Ну, во-первых, я, как и многие другие, убежден, что сделал это Хрущев не из высоких социальных соображений, а из низкого и подлого чувства мести. Я знаю это чувство! Оно гложет. У многих народов месть считается достаточным и достойным основанием для совершения ответного преступления. Да и я бы, слава Богу у меня никто не спрашивает, в судах рассматривал чувство мести не как отягчающее, а именно как сильно смягчающее обстоятельство. Но делать большие, огромные, всемирного масштаба поступки, исходя из чувства мести, глава державы просто не имеет права.

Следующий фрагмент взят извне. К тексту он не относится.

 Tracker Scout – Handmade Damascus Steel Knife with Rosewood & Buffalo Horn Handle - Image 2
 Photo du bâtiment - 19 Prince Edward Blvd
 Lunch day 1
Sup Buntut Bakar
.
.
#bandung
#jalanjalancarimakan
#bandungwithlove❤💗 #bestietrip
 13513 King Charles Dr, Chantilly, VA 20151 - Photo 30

Во-вторых, тут сказалась именно хрущевская недальновидность. Породивший диссидентство человек, сам вовсе не был диссидентом, более того, был врагом диссидентства. Он был до конца коммунистом, не знал, но глубоко и искренне верил в марксизм. Он-то хотел, во всяком случае говорил, что хотел очистить коммунизм, возвысить его и укрепить. Этого уже достаточно для суммарного неуважения его, но еще недостаточно для ненависти.

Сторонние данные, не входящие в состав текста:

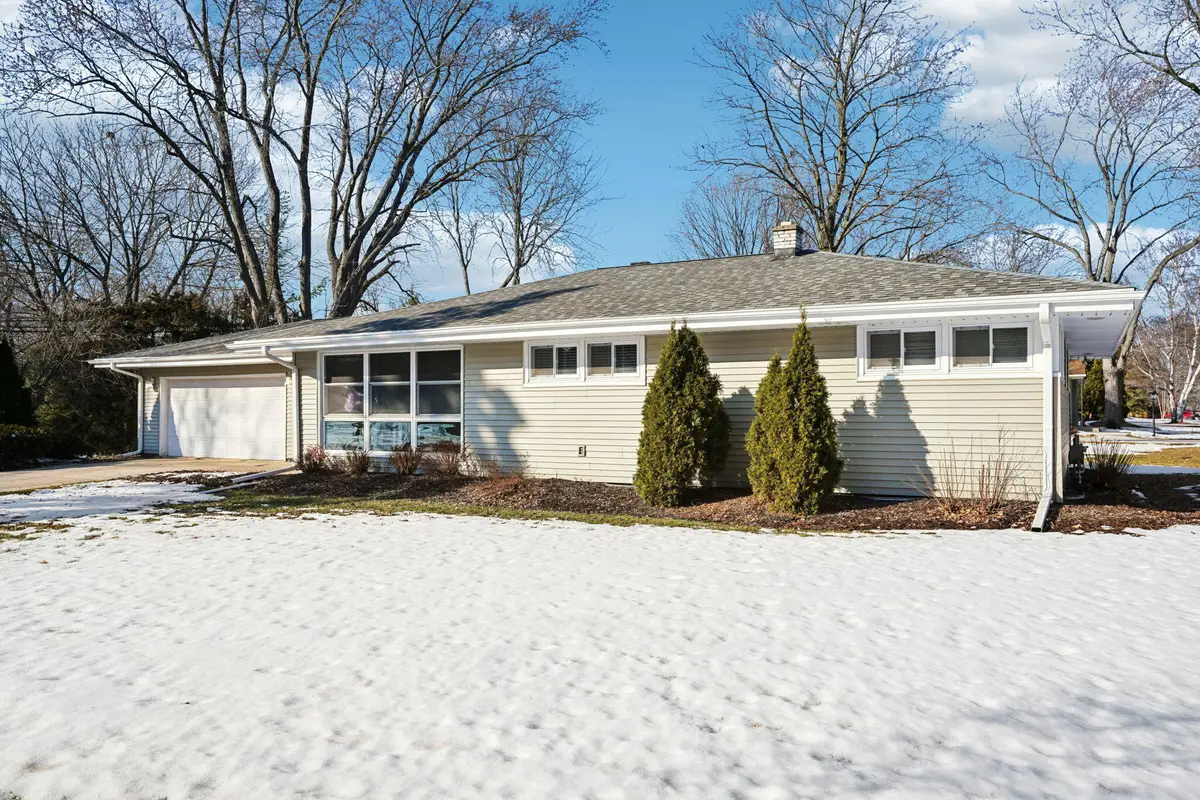 12660 Pinewood Rd, Brookfield, WI 53005 - #1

В своем докладе Хрущев в самых гнусных, позорных словах сказал о моем отце, о единственном моем папе. Я не Павлик Морозов. Враг моего отца – мой враг. Если бы имя моего отца не было названо в докладе, его все равно приводили бы во многих списках бериевских палачей. А теперь, после доклада, клянут как главного, чуть ли не единственного, наиболее кровавого палача, заплечных дел мастера, как изувера, прирожденного садиста.
Ну можно ли это простить?
Я пытался.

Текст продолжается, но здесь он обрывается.